* SOURCE DATA *
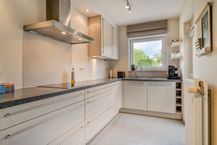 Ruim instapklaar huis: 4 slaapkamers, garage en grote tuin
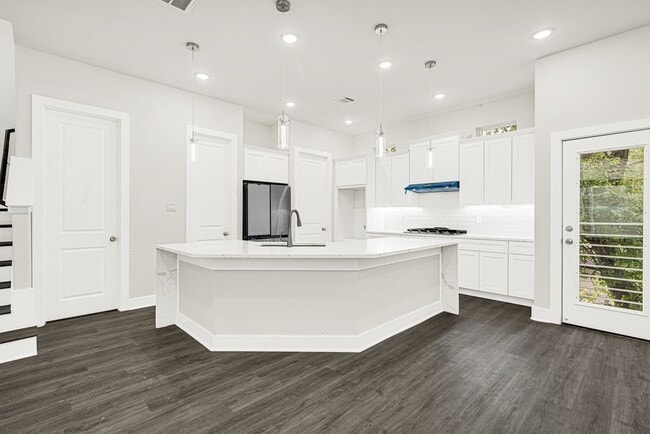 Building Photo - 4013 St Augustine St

...

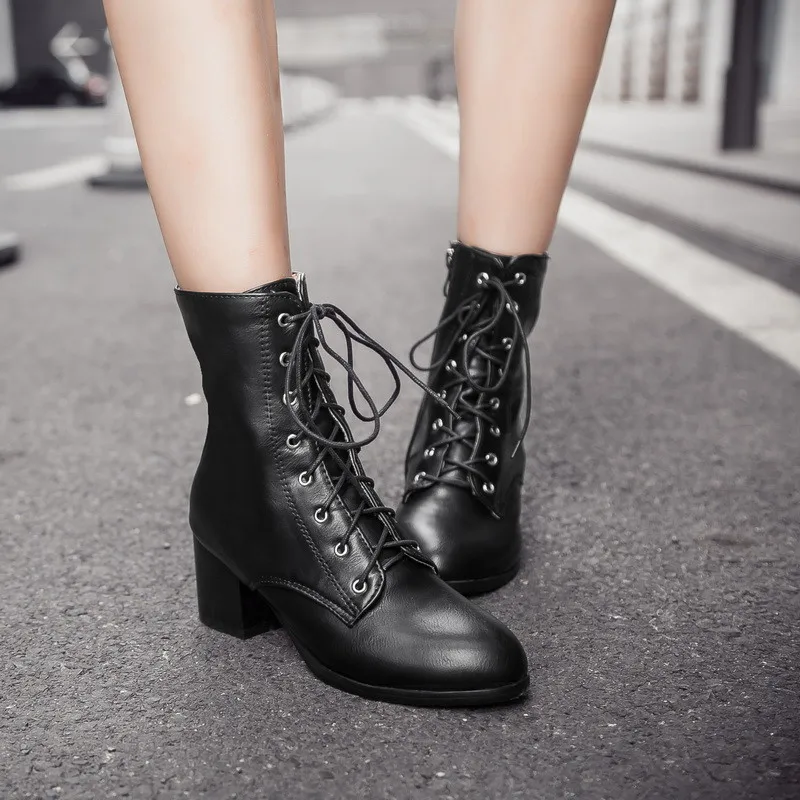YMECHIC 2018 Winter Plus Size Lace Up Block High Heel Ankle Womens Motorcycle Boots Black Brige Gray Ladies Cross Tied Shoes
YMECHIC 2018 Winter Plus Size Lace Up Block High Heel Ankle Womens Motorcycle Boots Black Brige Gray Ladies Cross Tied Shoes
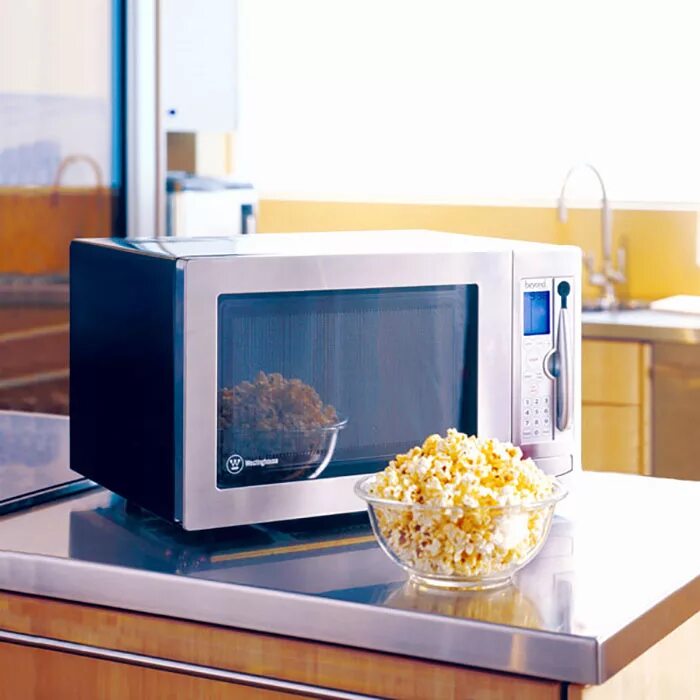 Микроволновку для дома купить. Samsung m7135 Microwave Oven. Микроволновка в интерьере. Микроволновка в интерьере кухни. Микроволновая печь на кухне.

* YOUR GOAL *
From the records above, copy exactly the lines starting at the one with "Ruim instapklaar huis: 4" and ending at the one with "Building Photo - 4013 St Augustine St", and no others. Pictures stay out.

* TASK SOLUTION *
 Ruim instapklaar huis: 4 slaapkamers, garage en grote tuin
 Building Photo - 4013 St Augustine St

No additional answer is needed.